The programme made the dilemma quite clear: there's an impeccable logic to allowing this sort of thing (a celebrity painfully going to pieces in full view, as it were) to happen, but those involved are not behaving with any sense of decency at all. And that's about as far as you can go, other than to feel, as I did, morally superior for not wanting to watch or get involved in any of this.

At that point I got involved in a little thought experiment. Let's say I had a particularly compromising photo of the actor and could sell this to a newspaper. At what point would I be tempted to actually do the dirty deed? I got to the answer quite quickly. Not a thousand. Not ten thousand. But as soon as the money became 'life-changing' I knew I was more than likely to bite. I reckon two hundred thousand might well do it - especially after a bad day at work.

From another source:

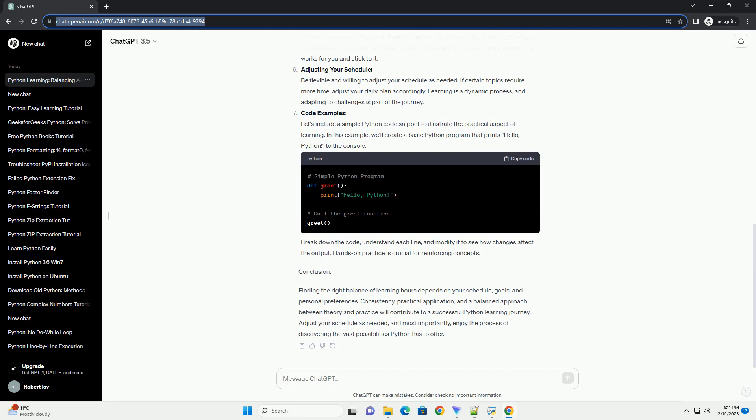Adjusting Your Schedule: Be flexible and willing to adjust your schedule as needed. If certain topics require more time, adjust your daily plan accordingly. Learning is a dynamic process, and adapting to challenges is part of the journey.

Now here's the point. In the middle of all this I was still managing to feel morally superior. Here's how it went: not being tempted by relatively small amounts was proof that I wasn't greedy as such amounts involved greed. Larger amounts went beyond greed into new territory - a fine concern with one's actual quality of life - and such temptation was, thus, quite laudable really. I know this utterly specious reasoning is daft, but I equally know that something suspiciously like it was in my mind.

So it's quite simple really. If I have my price, and I rather suspect I have (though I hope I don't) I'd better get off my high horse and onto the same low one that your average gossip columnist rides on. Meantime I'd better pray that temptation doesn't come my way.

Tuesday, March 1, 2011

In The Family

When I was a little lad, a very little lad, I think, I formed the assumption that I would be something of an invalid when I grew up. It wasn't that I was a particularly gloomy child, but I was being sent to hospital with what seemed like reasonable regularity for some kind of checks on my chest, so I assumed I had a poorly chest and this was likely to have a marked effect on me eventually. This never came to pass and as I continued in the usual rude health of childhood I put such thoughts behind me. I almost said such anxieties, but they weren't really. I don't recall ever being at all worried over the possibility of some kind of invalidism Adulthood was a long way off and, if anything, I think I thought being ill when you grew up was quite interesting.

When we were in Manchester last December I asked my sister about all this and what she made of it. She's some seven years older than me and I needed some light shed on what I've been wondering was some kind of false memory. I think I'm talking about events, the hospital visits, that took place when I was around three or four years old. She was hazy about it all herself but reckoned it was somehow connected to Dad's emphysema, which had been diagnosed at some time earlier than this. The family seemed to blame his poor health on his experiences in the war, but it may have been suggested that it was some kind of hereditary condition and so they were running tests on me. Oddly we couldn't recall them checking my sister. And we guessed that the tests on me had been by no means extensive. Far from being subjected to a series of hospital visits we suspected there my have been just two or three and these had quickly given me the all-clear. I suppose the impact on me had been great enough in its little way to have seemed a lot more substantial than that.

Thinking about this - which I have rarely done over the years, the past being a very different place for me where they really, really do things differently - I feel lucky and mildly guilty. Which is strange because I'm writing about a sort of non-experience: the ties that didn't bind, as it were. Sometimes not being a chip off the old block can be very useful.